Rights on red legal from either of adjacent right turn lanes

The in basket: Dale Treftz writes, “I have watched many drivers turn right against a red light following a complete stop, but from the left lane of a two-lane off-ramp.  

“Many state highways offer two-lane off-ramps and provide less congestion when merging from one highway on to another multi-lane road or highway, but it seems dangerous for a driver to cross over two or more lanes of moving traffic against a red light, without traffic stopped and providing safe access. 

“I recall (maybe incorrectly) from one of my drivers tests (I have lived in several states), that a right turn against a red light may be made following a complete stop, but only from the curb side lane?  I have read through my drivers pre-test handbook, but it is not clearly defined.”
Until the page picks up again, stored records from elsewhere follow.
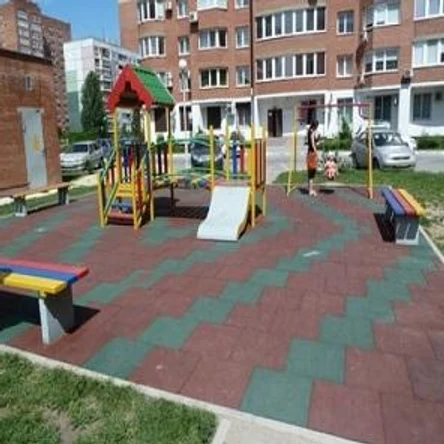 Резиновая плитка для детских площадок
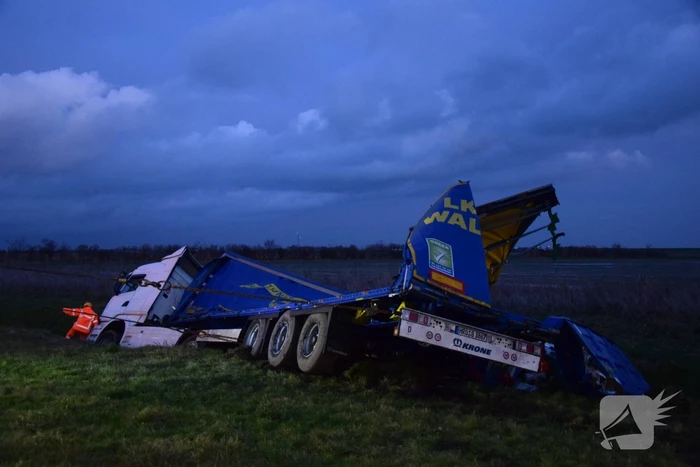Vrachtwagen rijdt sloot in en verliest lading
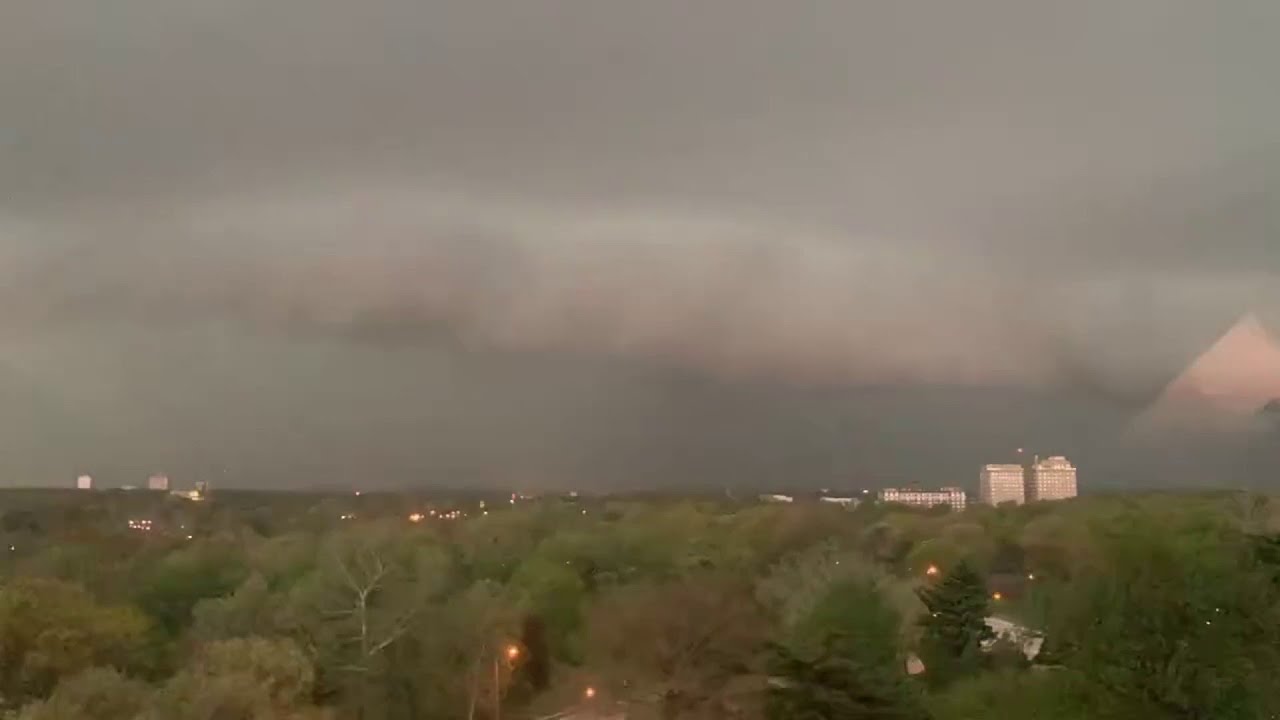 Timelapse Footage Shows Severe Storm Rolling Into St Louis | Houston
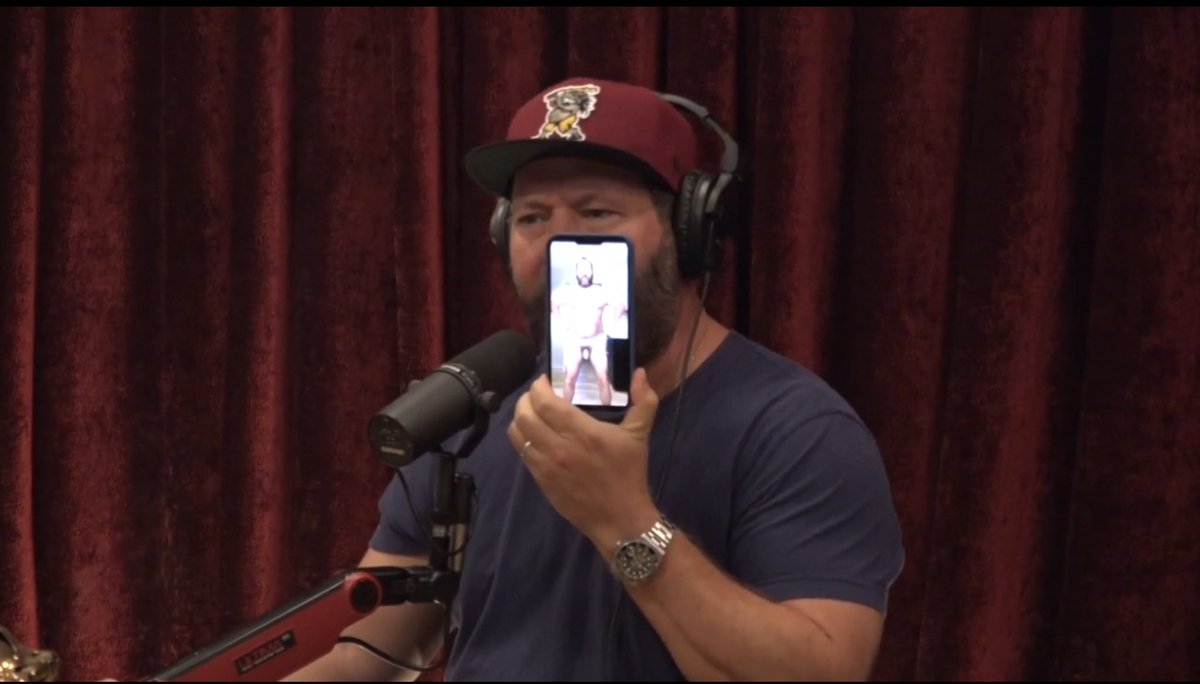 MemeMyPod's tweet image. Happy Friday 🍆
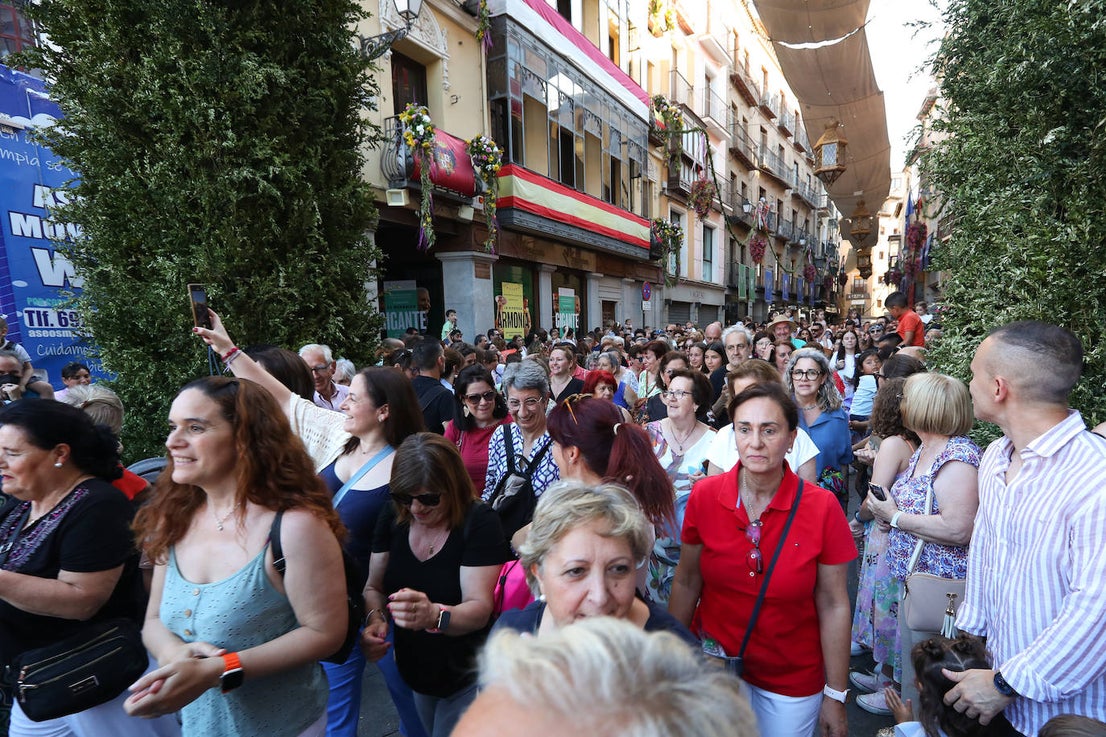 El pasacalles del Corpus llena de color e ilusión las calles de Toledo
The out basket: In Washington state, right turns against a red light are legal from either of two adjacent right turn lanes, provided there is a lane available for both lines of traffic to turn into, no signs prohibit it, no pedestrians are in the way, and the driver comes to a full stop and yields to any traffic with the right of way. 

I’ve strained my brain trying to think of places in the local area where there are two adjacent right turn lanes, and can think only of two in Bremerton and one each in Silverdale and Poulsbo. They are at 11th Street’s western end at Kitsap Way, on southbound Warren Avenue at 11th Street, where the second lane in can be used for right turns or to proceed straight, at the Highway 3 off-ramp to go south on Kitsap Mall Boulevard and at Highway 3’s off-ramp to go into Poulsbo on Highway 305. If there are others, the same rules apply.
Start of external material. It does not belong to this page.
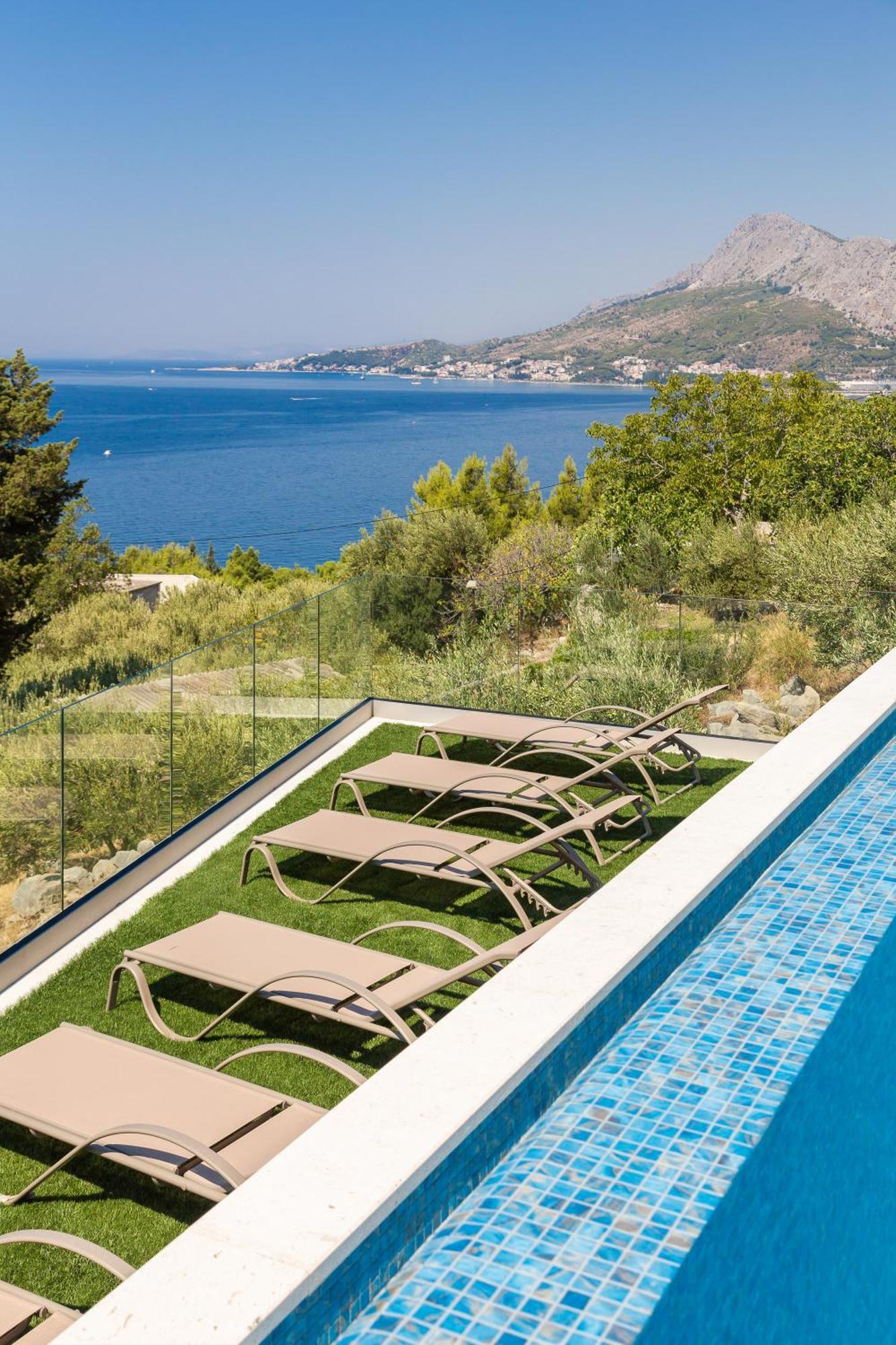 Bella Figura - Heated Pool Apartment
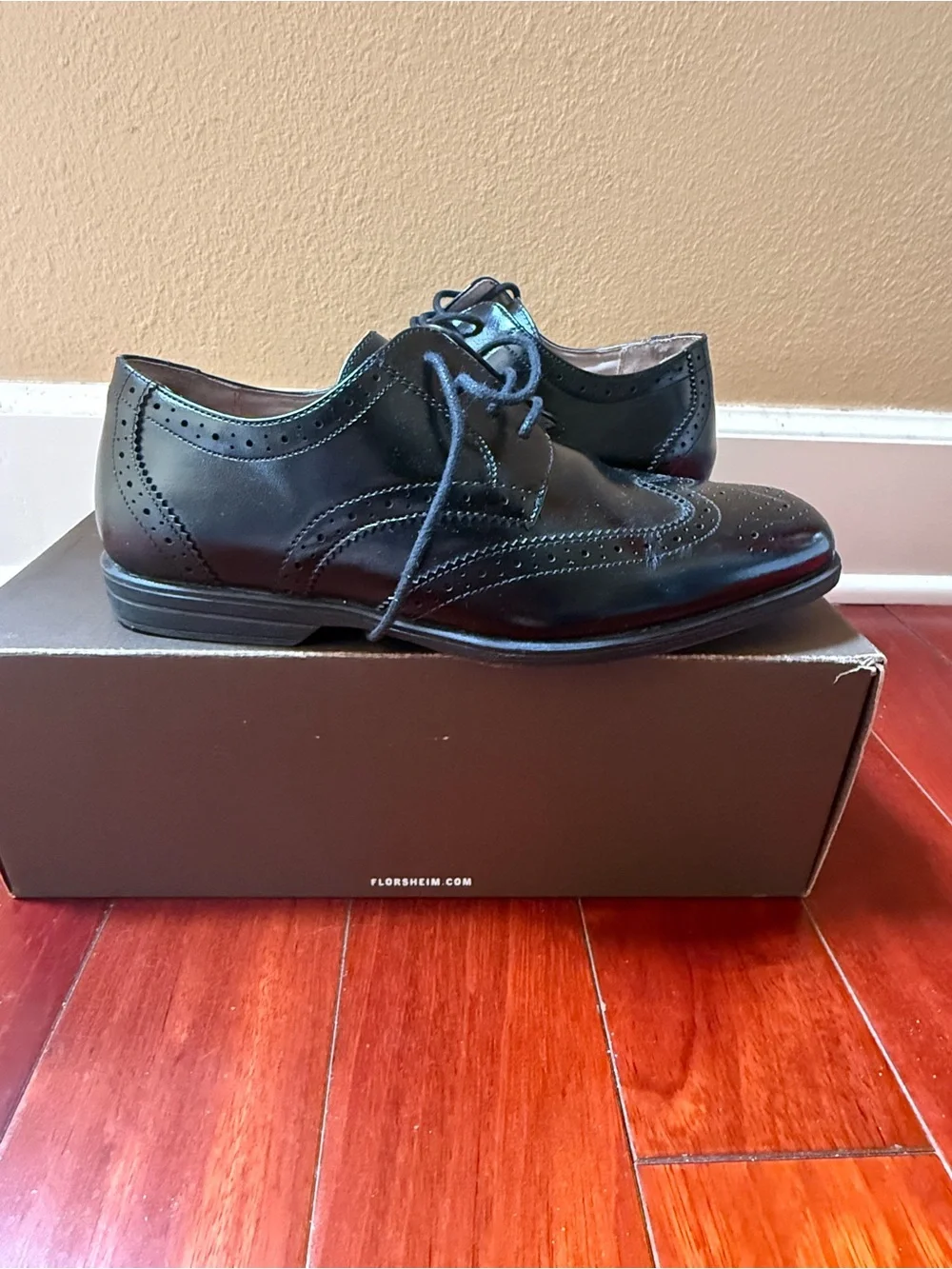 Florsheim Black Brogue Derby Lace-Up Shoes - Men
What is speed limit in a construction zone?


The in basket: L.C. Smith, a one-time flagger with a Mason County public utility district,  says he wonders when he sees the signs about fines doubling in construction zones just what the speed limit is, especially when there is a flagger present.

He recalls a trooper once telling him it’s half the posted speed limit, but that was years ago, he said.

The out basket: If no reduced speed signs are posted, the speed limit is unchanged from normal conditions. It’s the fines that change, not the speed limit, in a work zone without a posted temporary speed limit. And, though the signs don’t say so, only speeding fines double. Fines for failure to yield and the myriad other possible violations remain the same. 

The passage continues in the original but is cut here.